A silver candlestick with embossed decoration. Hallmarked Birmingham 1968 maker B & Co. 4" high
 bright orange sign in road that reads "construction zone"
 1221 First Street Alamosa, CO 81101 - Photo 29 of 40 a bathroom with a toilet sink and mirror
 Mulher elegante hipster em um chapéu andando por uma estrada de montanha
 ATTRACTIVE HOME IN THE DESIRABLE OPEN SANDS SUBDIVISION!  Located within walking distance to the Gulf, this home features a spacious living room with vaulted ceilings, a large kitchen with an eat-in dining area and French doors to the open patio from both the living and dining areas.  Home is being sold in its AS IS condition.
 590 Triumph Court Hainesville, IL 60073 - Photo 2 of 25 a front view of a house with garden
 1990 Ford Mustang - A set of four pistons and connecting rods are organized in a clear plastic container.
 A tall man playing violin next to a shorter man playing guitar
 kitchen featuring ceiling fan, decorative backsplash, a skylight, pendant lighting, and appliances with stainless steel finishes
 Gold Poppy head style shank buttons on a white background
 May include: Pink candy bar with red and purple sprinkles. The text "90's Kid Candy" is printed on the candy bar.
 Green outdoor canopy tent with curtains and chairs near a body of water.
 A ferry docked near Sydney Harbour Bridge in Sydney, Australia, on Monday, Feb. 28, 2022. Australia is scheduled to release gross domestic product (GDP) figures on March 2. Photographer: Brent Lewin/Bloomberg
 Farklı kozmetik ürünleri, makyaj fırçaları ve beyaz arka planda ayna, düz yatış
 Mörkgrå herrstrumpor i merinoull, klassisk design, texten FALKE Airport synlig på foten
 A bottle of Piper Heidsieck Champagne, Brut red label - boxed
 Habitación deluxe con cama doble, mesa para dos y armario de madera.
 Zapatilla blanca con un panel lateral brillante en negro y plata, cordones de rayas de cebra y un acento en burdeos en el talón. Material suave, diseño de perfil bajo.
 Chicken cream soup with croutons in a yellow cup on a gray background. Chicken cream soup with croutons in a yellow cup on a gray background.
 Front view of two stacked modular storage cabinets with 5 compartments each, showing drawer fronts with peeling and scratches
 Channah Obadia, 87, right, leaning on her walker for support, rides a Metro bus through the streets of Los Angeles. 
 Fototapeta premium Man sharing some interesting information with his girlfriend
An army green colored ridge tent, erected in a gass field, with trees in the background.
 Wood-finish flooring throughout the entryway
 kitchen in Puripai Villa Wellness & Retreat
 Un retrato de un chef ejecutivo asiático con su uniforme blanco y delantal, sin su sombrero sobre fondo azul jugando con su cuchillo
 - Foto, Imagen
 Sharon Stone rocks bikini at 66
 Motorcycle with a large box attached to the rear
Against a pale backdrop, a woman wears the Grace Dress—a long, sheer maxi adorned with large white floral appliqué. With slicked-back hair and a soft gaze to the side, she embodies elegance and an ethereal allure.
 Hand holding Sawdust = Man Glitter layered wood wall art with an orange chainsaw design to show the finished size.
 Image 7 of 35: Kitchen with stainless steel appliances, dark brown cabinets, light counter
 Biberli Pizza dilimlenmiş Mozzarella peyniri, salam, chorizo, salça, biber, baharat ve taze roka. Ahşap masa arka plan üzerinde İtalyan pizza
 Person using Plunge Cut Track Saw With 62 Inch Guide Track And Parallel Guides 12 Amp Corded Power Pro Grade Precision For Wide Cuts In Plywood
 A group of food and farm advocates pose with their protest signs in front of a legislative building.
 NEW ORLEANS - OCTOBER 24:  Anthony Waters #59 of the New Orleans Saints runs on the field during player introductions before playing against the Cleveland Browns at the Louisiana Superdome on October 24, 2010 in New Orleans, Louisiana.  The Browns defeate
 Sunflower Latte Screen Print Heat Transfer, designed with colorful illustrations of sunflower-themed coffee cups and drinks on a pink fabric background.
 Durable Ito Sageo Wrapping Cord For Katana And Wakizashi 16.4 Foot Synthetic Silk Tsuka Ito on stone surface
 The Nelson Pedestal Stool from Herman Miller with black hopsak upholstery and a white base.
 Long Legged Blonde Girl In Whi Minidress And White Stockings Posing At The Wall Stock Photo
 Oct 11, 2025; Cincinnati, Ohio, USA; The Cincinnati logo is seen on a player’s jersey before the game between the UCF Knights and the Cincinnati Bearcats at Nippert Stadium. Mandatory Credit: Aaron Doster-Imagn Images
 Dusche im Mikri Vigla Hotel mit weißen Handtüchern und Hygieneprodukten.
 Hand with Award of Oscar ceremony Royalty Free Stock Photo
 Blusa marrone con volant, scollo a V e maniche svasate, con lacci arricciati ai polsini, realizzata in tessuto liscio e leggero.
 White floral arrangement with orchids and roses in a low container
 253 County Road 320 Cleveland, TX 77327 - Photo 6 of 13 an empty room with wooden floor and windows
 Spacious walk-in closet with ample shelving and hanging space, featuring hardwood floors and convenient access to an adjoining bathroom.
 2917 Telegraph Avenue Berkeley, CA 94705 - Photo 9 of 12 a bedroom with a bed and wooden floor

● **What is expected**
Each line from the one containing "Spacious walk-in closet" to the end of the entries above should be copied exactly, and no other line.

● **Output of the exercise**
 Spacious walk-in closet with ample shelving and hanging space, featuring hardwood floors and convenient access to an adjoining bathroom.
 2917 Telegraph Avenue Berkeley, CA 94705 - Photo 9 of 12 a bedroom with a bed and wooden floor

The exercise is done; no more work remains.